**Data**
══════
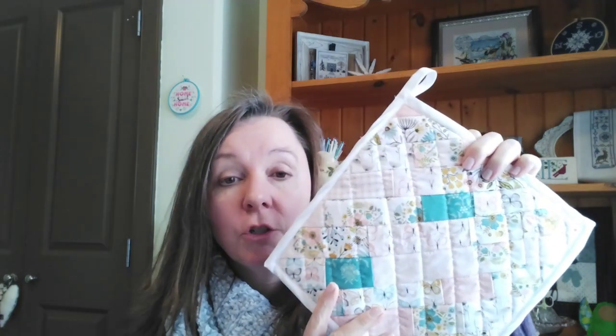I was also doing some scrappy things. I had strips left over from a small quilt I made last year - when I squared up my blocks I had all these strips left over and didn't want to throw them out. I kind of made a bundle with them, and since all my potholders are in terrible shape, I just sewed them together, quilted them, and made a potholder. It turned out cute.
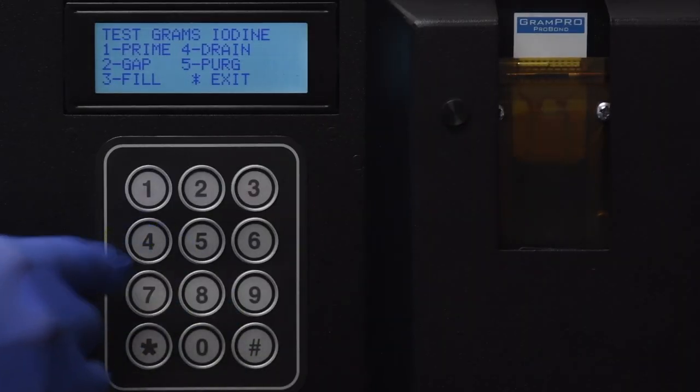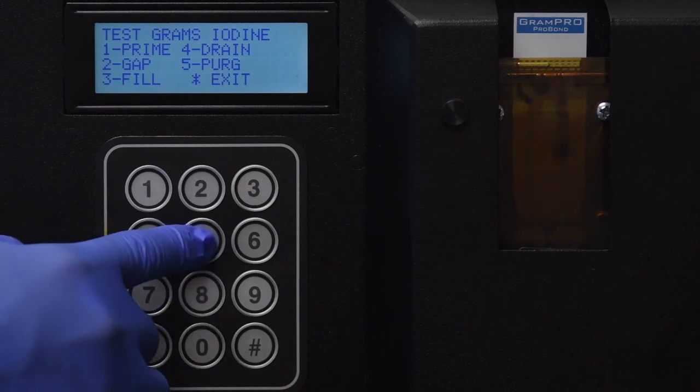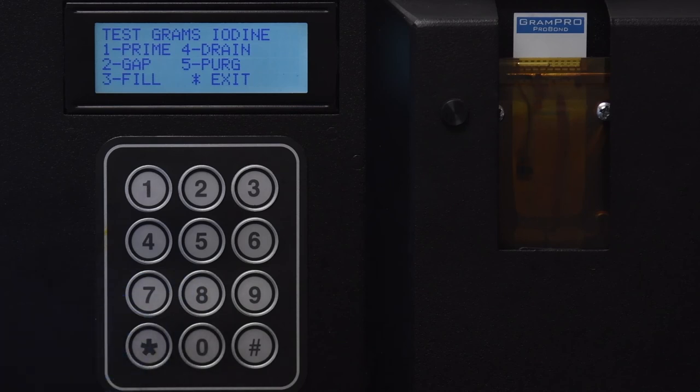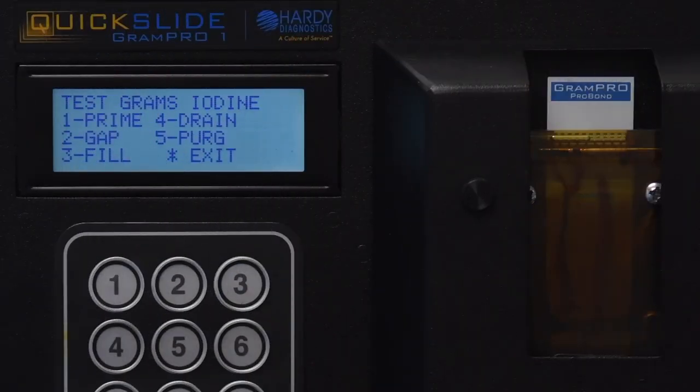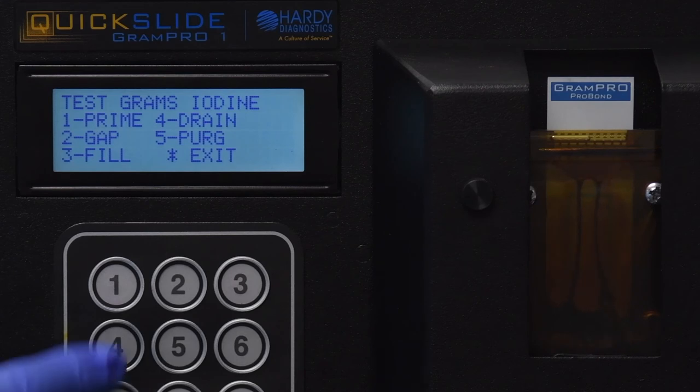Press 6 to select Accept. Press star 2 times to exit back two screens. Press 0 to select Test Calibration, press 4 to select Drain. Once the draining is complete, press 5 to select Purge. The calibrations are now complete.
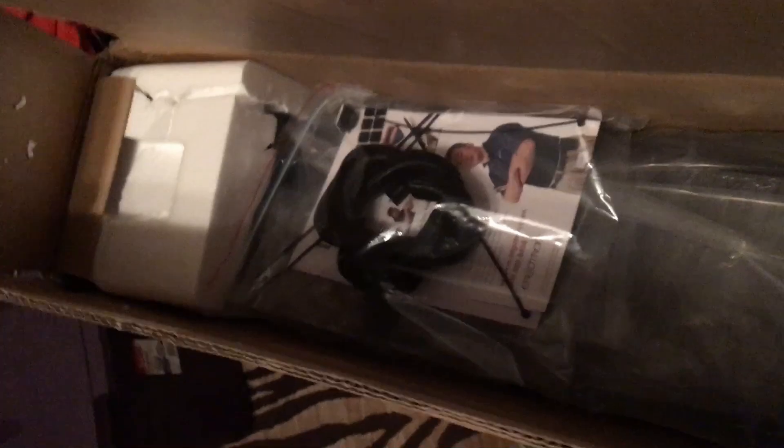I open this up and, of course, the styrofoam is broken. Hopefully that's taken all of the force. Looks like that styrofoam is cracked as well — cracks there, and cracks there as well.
══════
**Task prompt**
The whole listing is to be retyped exactly, with its pictures removed.

**Answer space**
I was also doing some scrappy things. I had strips left over from a small quilt I made last year - when I squared up my blocks I had all these strips left over and didn't want to throw them out. I kind of made a bundle with them, and since all my potholders are in terrible shape, I just sewed them together, quilted them, and made a potholder. It turned out cute.
Press 6 to select Accept. Press star 2 times to exit back two screens. Press 0 to select Test Calibration, press 4 to select Drain. Once the draining is complete, press 5 to select Purge. The calibrations are now complete.
I open this up and, of course, the styrofoam is broken. Hopefully that's taken all of the force. Looks like that styrofoam is cracked as well — cracks there, and cracks there as well.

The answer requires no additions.